**HOW TO COMPLETE THIS TASK:**
Output only the lines below from the one holding "un edificio en" down to the one holding "Tres copas de", both end lines included and every picture dropped.
### THE RECORDS
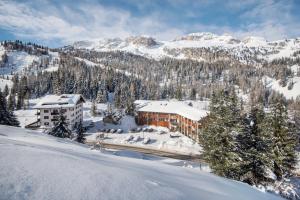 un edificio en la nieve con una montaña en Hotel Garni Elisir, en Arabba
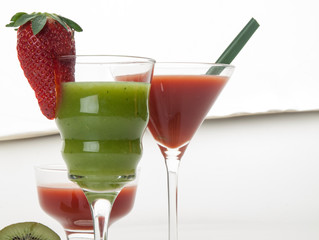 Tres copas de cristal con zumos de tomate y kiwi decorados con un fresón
######
### THE RECORDS
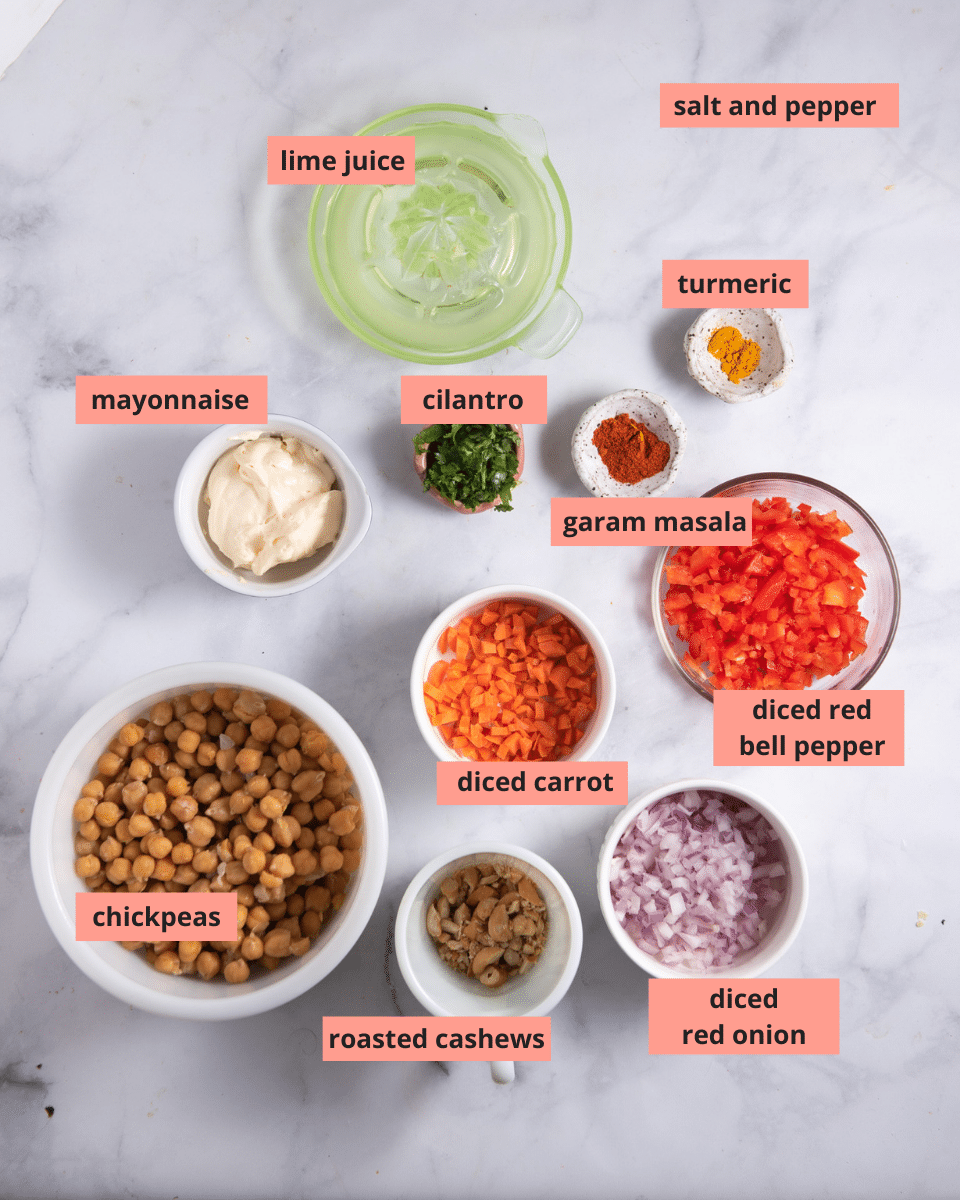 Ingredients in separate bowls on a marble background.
######
**ANSWER SPACE:**
 un edificio en la nieve con una montaña en Hotel Garni Elisir, en Arabba
 Tres copas de cristal con zumos de tomate y kiwi decorados con un fresón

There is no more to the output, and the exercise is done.